Diamond Rio singles chronology
| "Sawmill Road" (1994) | "Love a Little Stronger" (1994) | "Night Is Fallin' in My Heart" (1994) |

= Love a Little Stronger (song) =

"Love a Little Stronger" is a song written by Chuck Jones, Billy Crittenden and Gregory Swint, and recorded by American country music group Diamond Rio. It was released in May 1994 as the first single and title track and from their album Love a Little Stronger.

==Content==
"Love a Little Stronger" was written by Chuck Jones, Gregory Swint and Billy Crittenden, who was a member of the band 4 Runner at the time.

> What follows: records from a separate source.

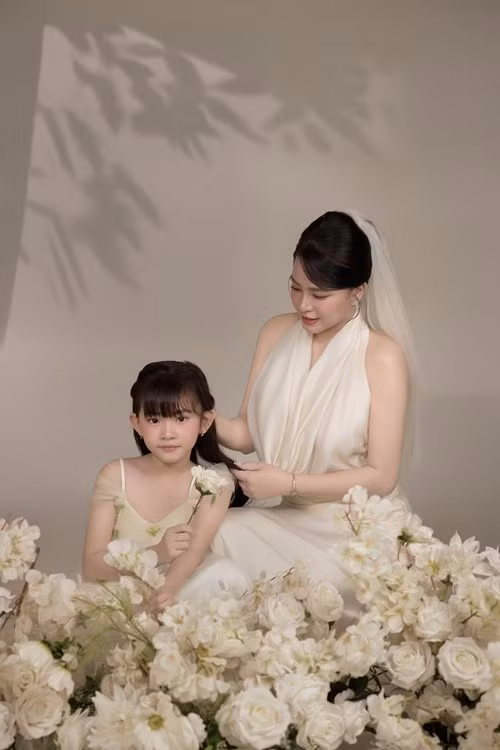 Hải Băng gọi con gái là nàng thơ, cô công chúa. Ảnh: FB Hải Băng.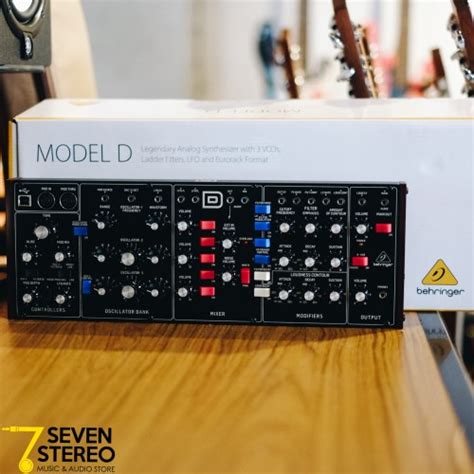 Jual Behringer Model D Analog Monosynth Synthesizer With MIDI USB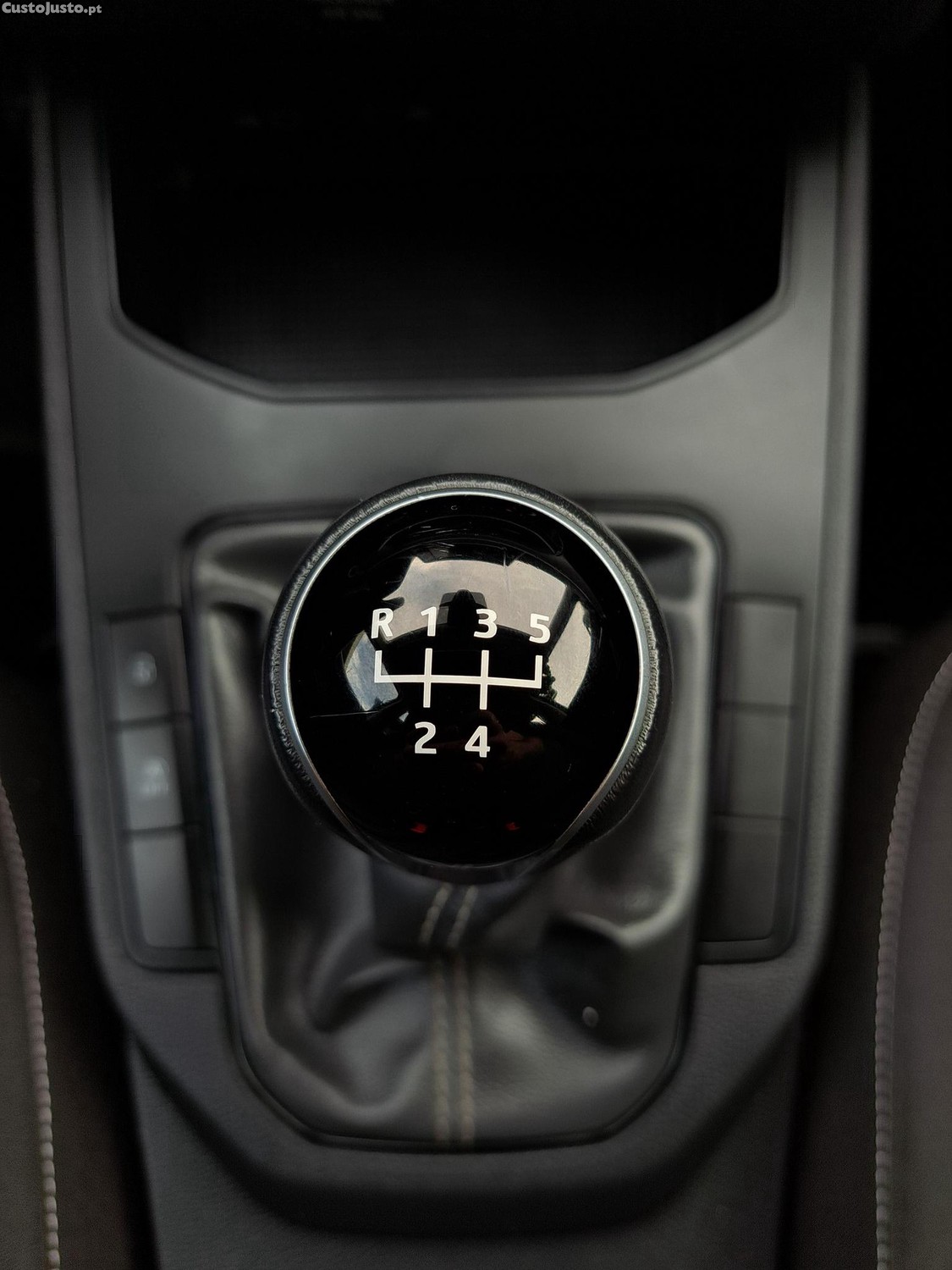 SEAT Ibiza 1.0 TSI Reference — fotografia 15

In it, the male narrator promises that he will try harder to save a flagging relationship.

==Critical reception==
Deborah Evans Price, of Billboard magazine reviewed the song favorably, saying that Jimmy Olander's "wonderful, Tele-bending guitar work and the band's road-tightened harmonies drive this cool single home."

==Music video==
The music video for "Love a Little Stronger" was made by Deaton-Flanigen Productions.

==Chart performance==
The song peaked at number 2 on the Billboard country charts, behind "Be My Baby Tonight" by John Michael Montgomery and "Dreaming With My Eyes Open" by Clay Walker and number 6 on Canada's RPM country chart.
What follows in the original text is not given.